| WORK REQUEST |
The reply is to be the lines from the one with "-巧克力渔家.小船海鲜家常菜(万平口店)" through the last line of the records below, each retyped exactly, with pictures left out.

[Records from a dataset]
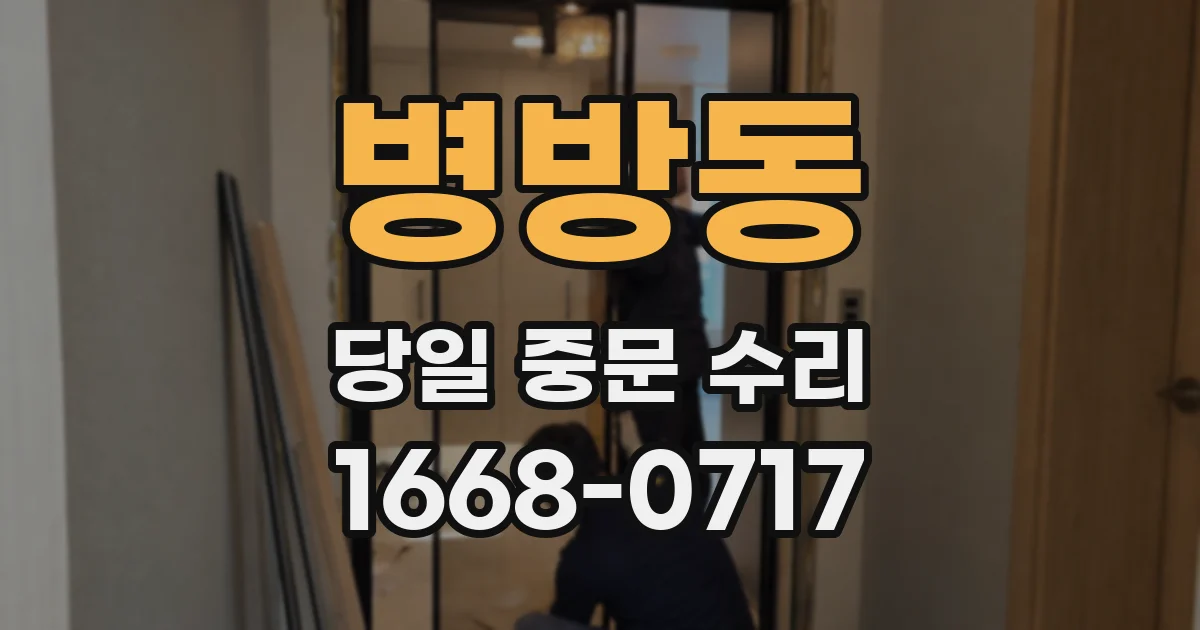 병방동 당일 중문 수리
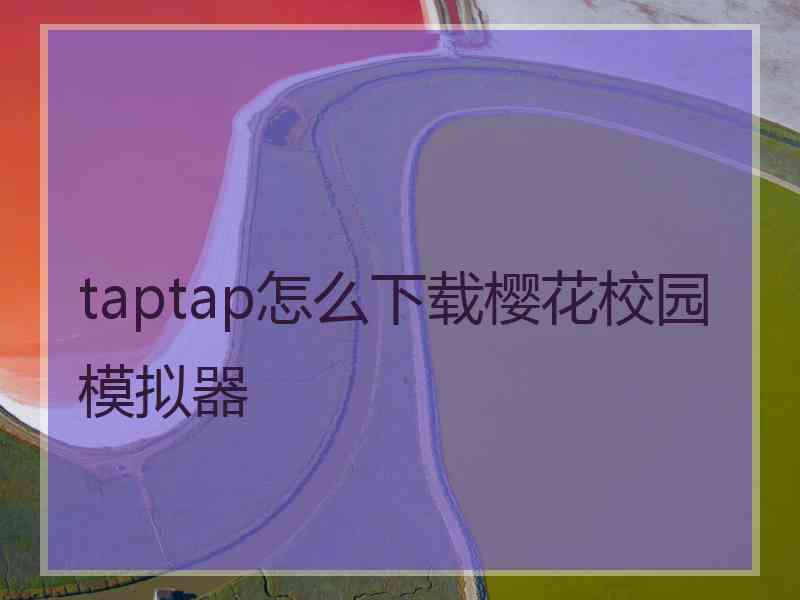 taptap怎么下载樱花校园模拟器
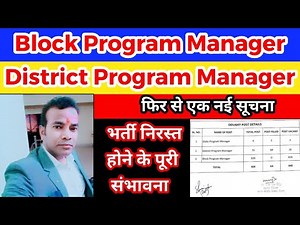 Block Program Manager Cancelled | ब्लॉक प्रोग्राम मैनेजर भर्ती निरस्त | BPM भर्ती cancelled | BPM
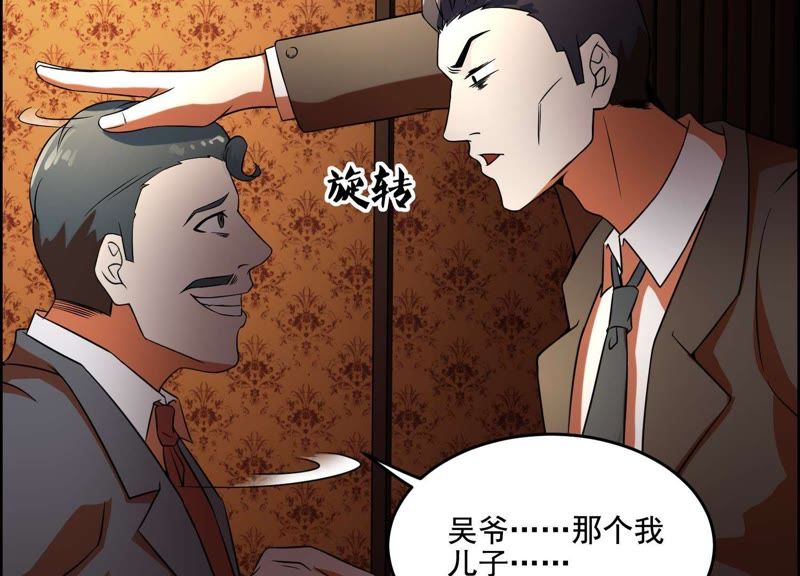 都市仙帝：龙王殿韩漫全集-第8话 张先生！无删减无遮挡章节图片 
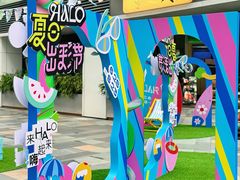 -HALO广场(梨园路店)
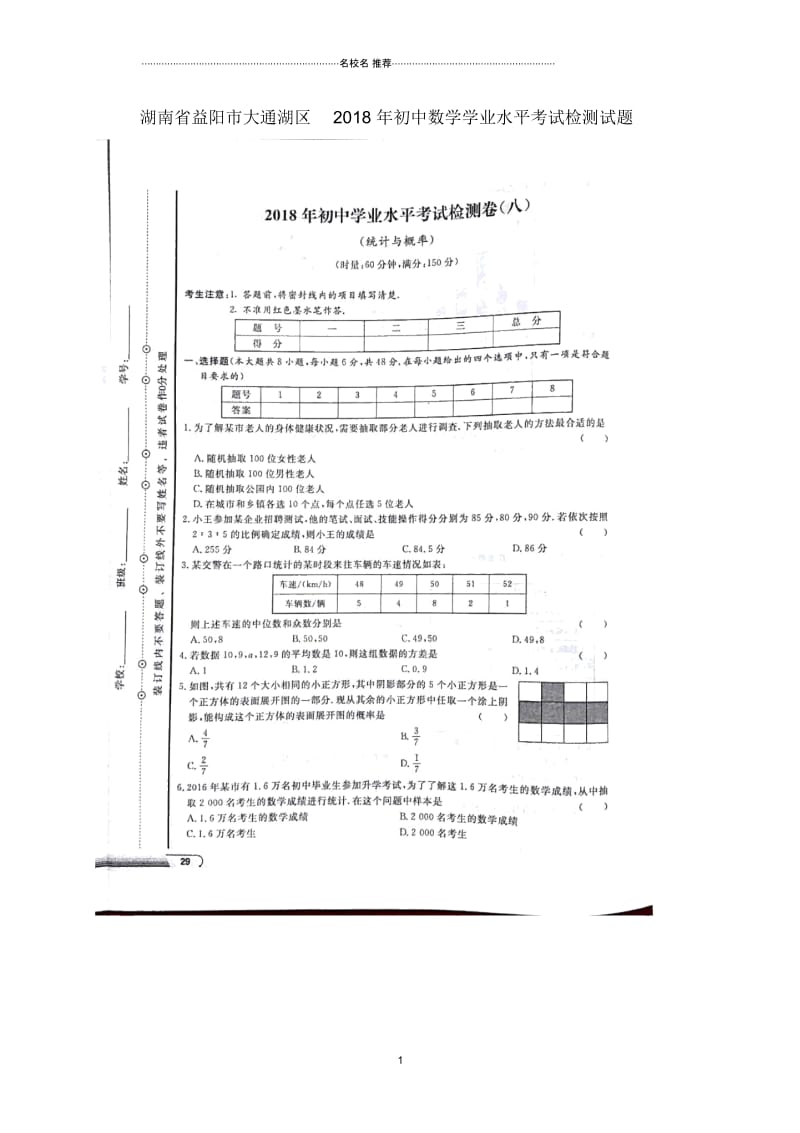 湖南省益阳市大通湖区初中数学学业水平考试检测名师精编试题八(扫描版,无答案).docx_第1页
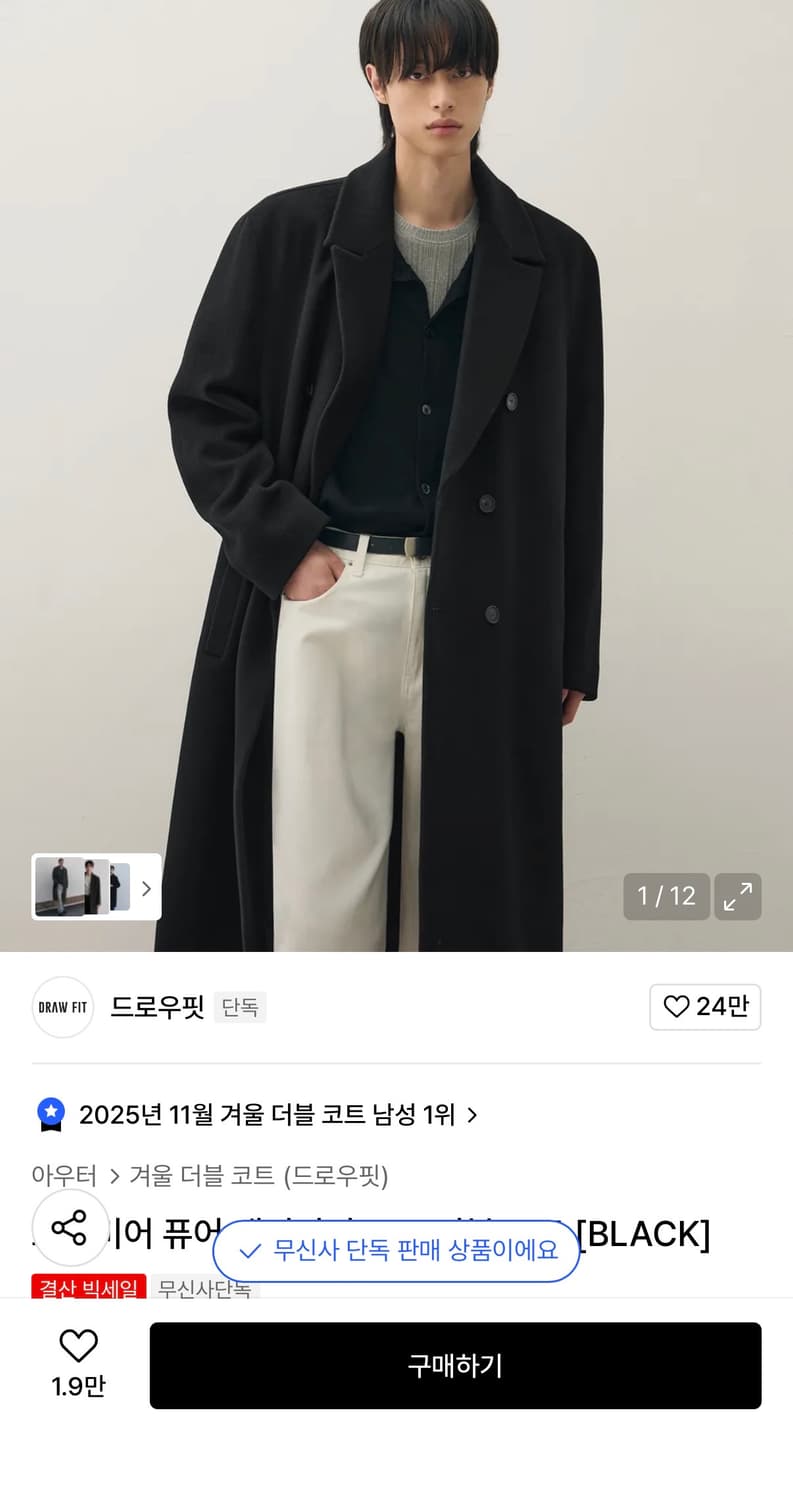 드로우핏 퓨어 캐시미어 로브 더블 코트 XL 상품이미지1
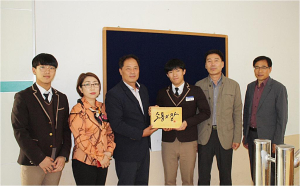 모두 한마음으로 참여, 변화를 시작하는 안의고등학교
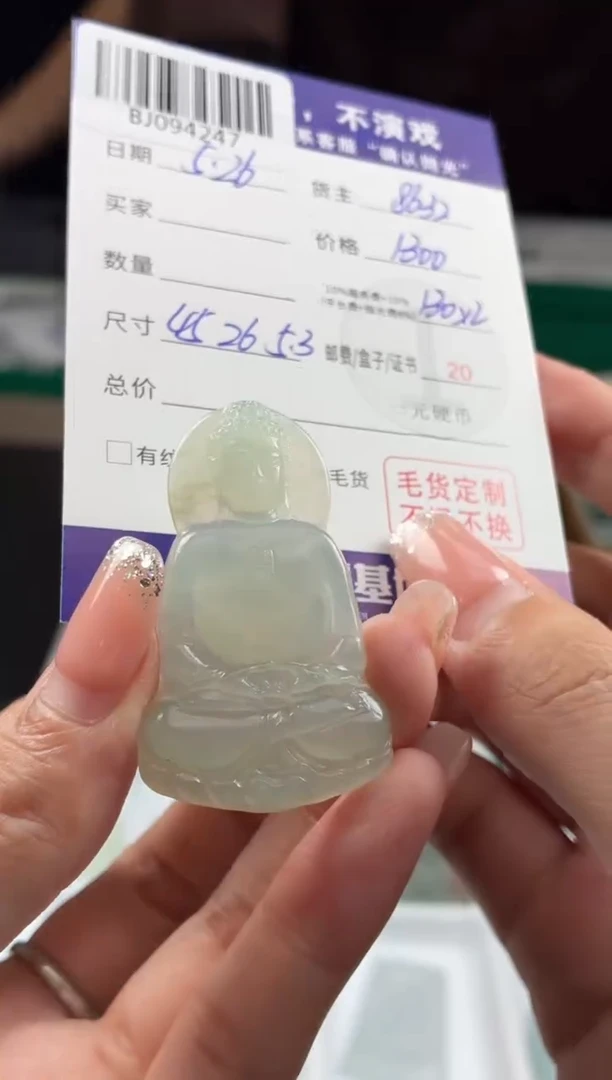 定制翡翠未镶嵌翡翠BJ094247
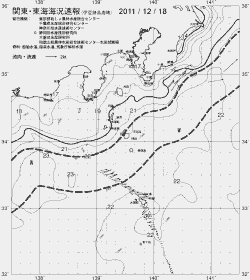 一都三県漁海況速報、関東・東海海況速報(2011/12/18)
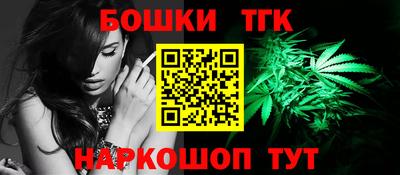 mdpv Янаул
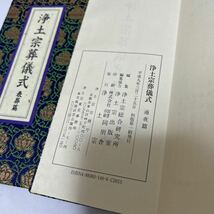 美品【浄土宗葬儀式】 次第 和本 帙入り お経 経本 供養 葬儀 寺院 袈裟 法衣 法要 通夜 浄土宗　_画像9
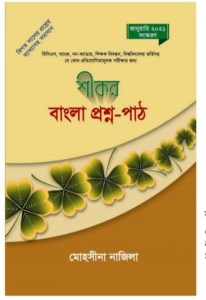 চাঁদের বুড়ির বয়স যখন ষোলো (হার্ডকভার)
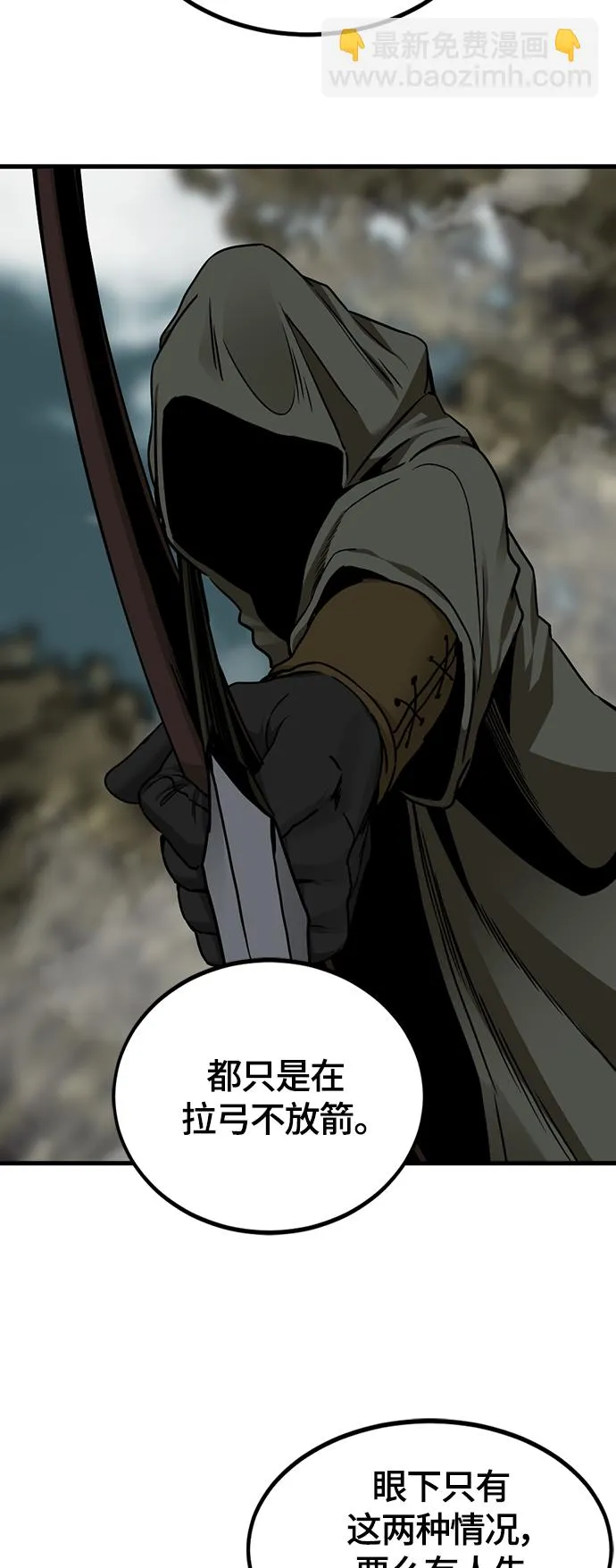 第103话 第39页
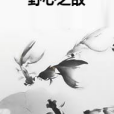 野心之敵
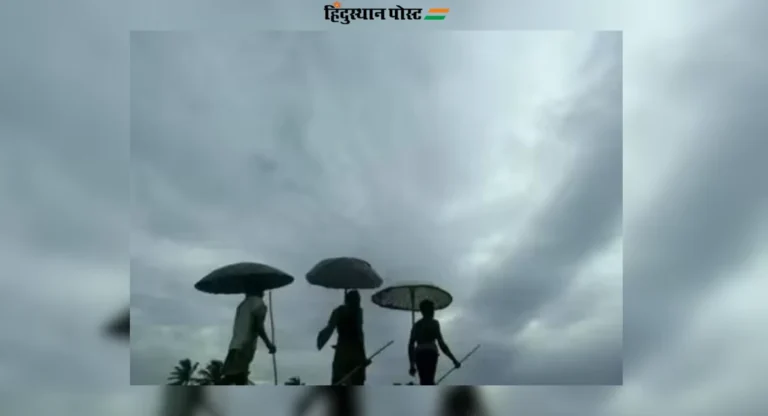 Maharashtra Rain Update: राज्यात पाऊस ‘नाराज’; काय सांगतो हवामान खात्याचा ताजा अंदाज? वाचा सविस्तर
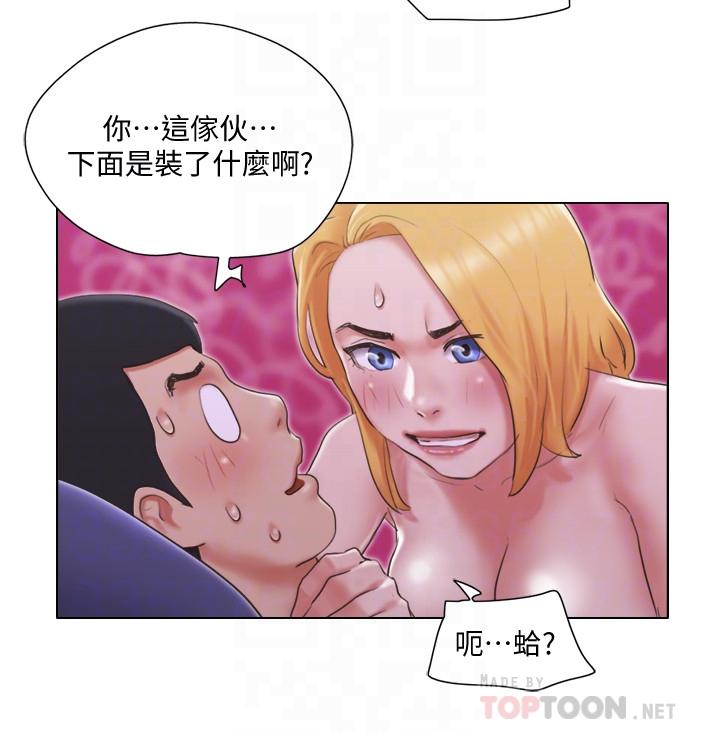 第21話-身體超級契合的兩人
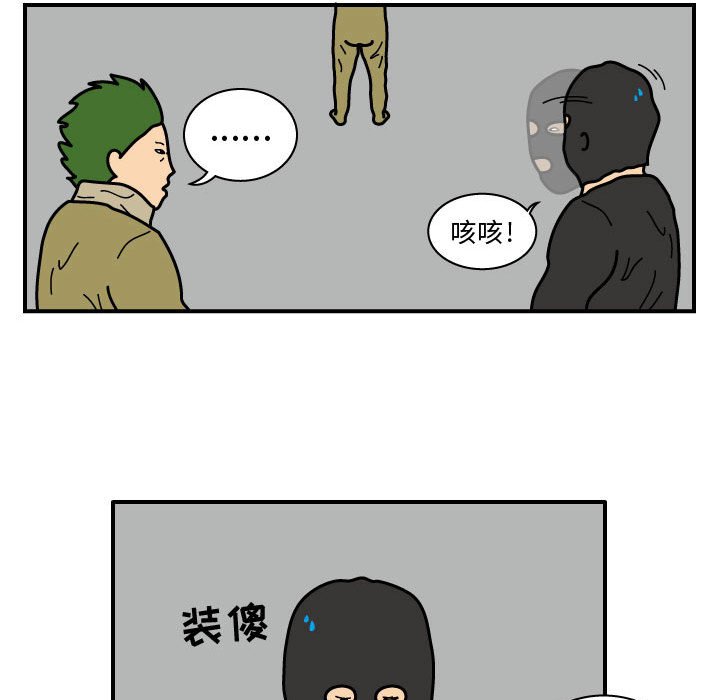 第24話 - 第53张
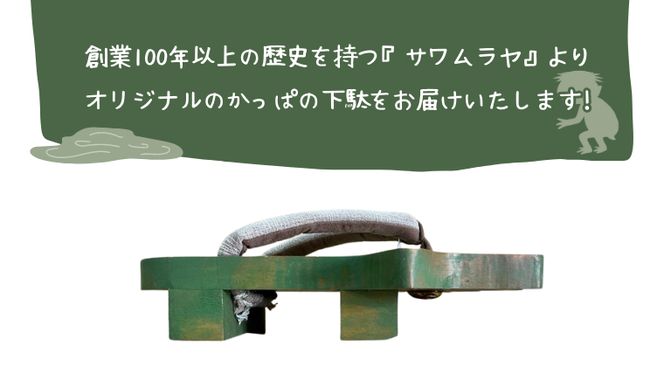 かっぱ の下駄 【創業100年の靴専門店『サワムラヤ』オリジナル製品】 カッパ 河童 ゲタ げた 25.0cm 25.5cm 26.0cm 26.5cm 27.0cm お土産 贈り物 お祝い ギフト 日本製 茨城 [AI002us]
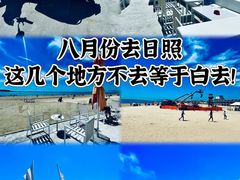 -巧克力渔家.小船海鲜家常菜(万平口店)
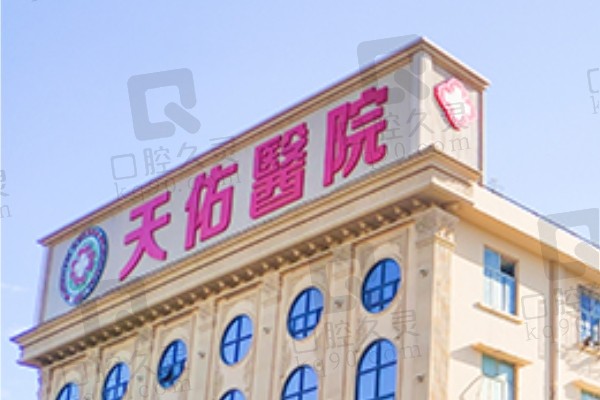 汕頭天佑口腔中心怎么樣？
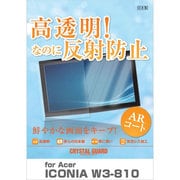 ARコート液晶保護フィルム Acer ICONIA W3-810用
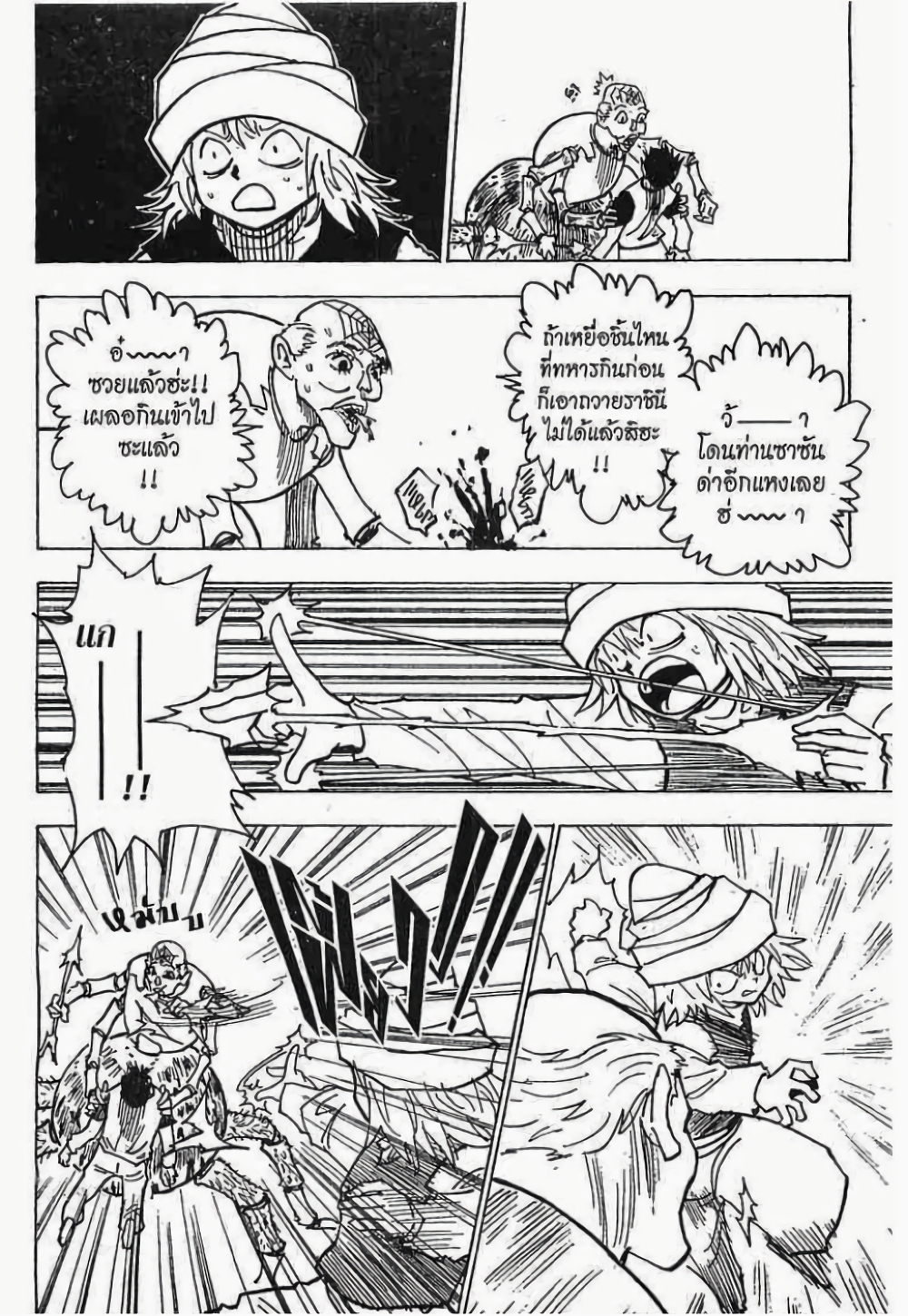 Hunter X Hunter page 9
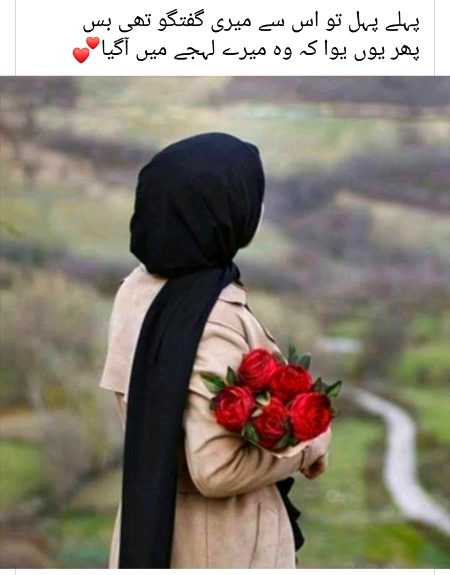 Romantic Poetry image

| SOLUTION TO THE PROBLEM |
 -巧克力渔家.小船海鲜家常菜(万平口店)
 汕頭天佑口腔中心怎么樣？
 ARコート液晶保護フィルム Acer ICONIA W3-810用
 Hunter X Hunter page 9
 Romantic Poetry image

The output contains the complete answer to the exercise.